- ACTIVITY: Without copying any pictures, restate exactly the lines from the start of the records through the line containing "Чехол FIBRA Ripples".
━━━ THE DATA ━━━
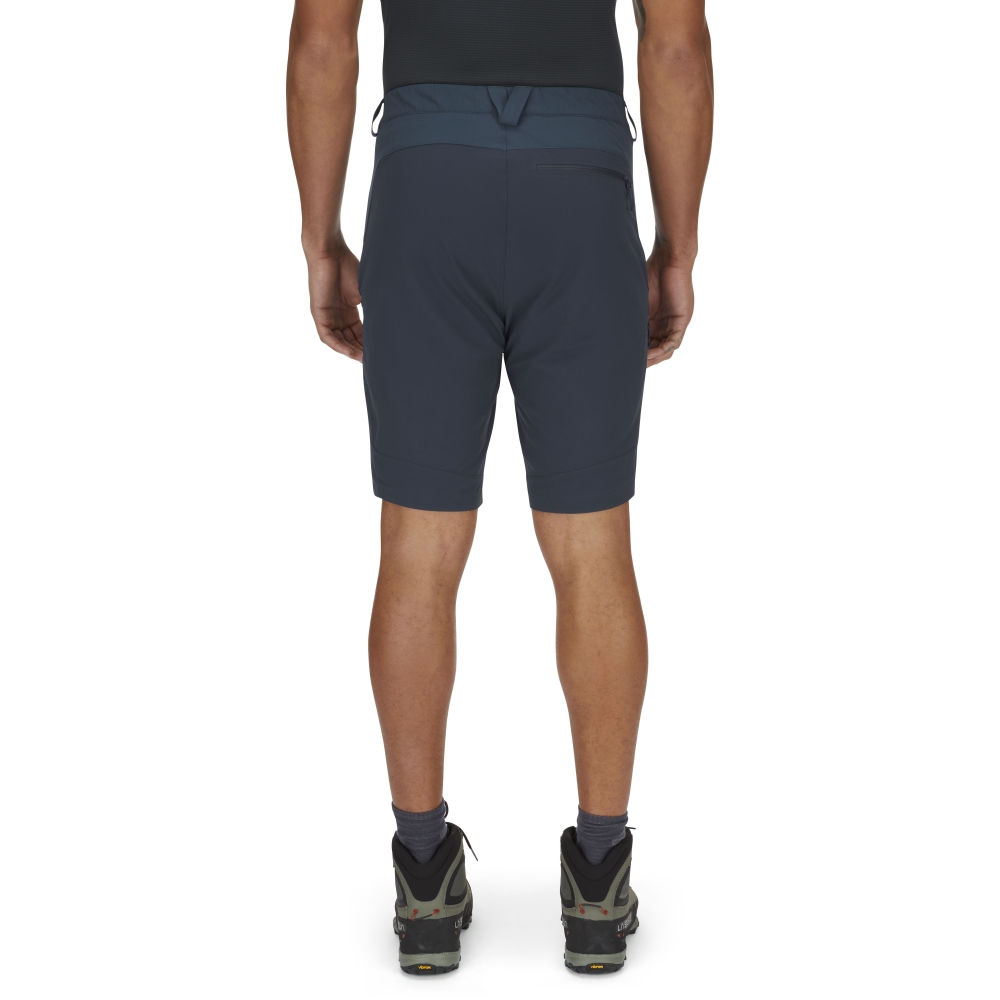 Rab Torque Mountain Shorts 8 Inch Tempest Blue/Deep Ink QFV-96-TMD broeken online bestellen bij Kathmandu Outdoor & Travel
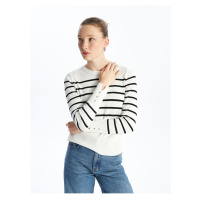 LC Waikiki Crew Neck Striped Long Sleeve Women's Knitwear Sweater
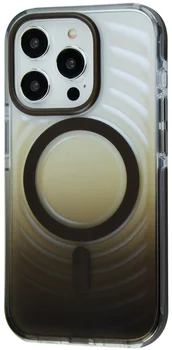 Чехол FIBRA Ripples iPhone 16 Pro Gradient Gray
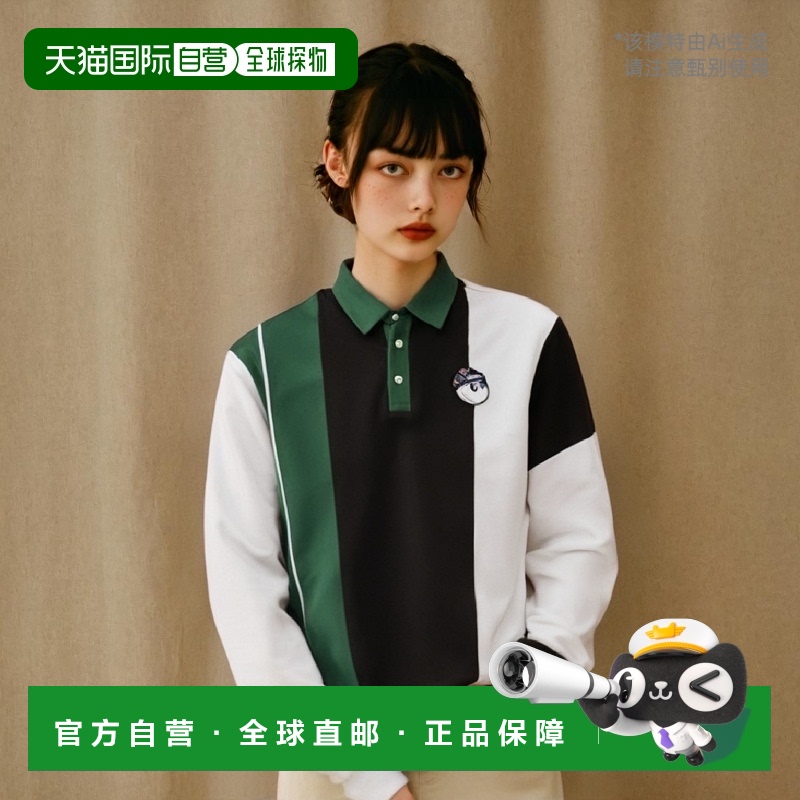 韩国直邮MALBON GOLF 休闲时尚高高尔夫运动M3313LTL01GRN运动T恤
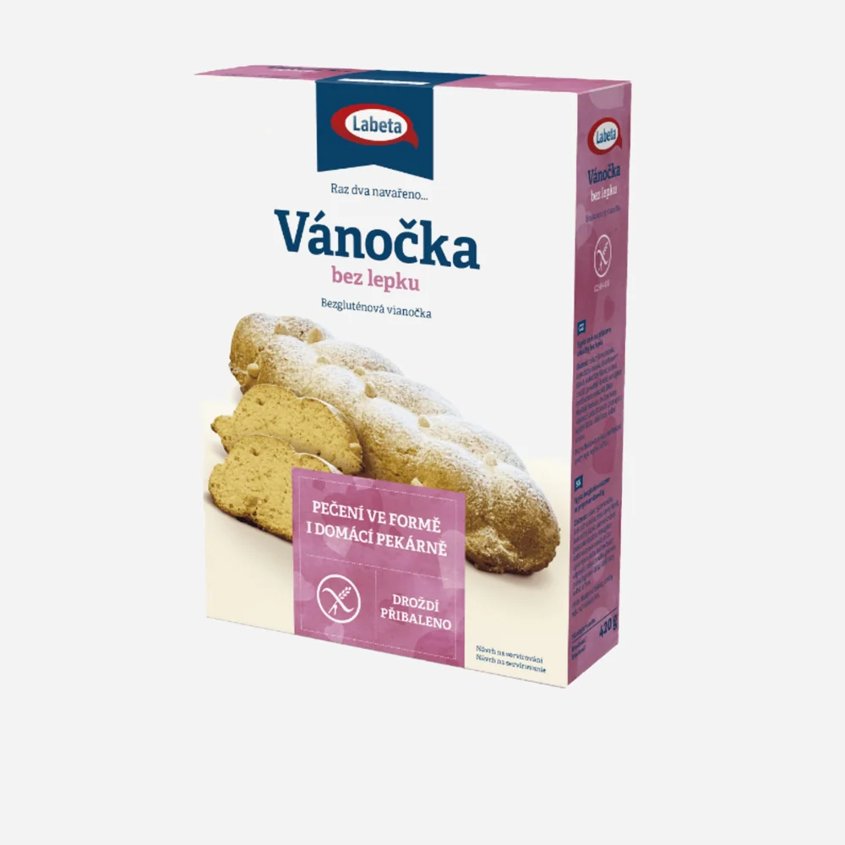 Vianočka bez lepku – zmes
━━━
- RESPONSE:
 Rab Torque Mountain Shorts 8 Inch Tempest Blue/Deep Ink QFV-96-TMD broeken online bestellen bij Kathmandu Outdoor & Travel
 LC Waikiki Crew Neck Striped Long Sleeve Women's Knitwear Sweater
 Чехол FIBRA Ripples iPhone 16 Pro Gradient Gray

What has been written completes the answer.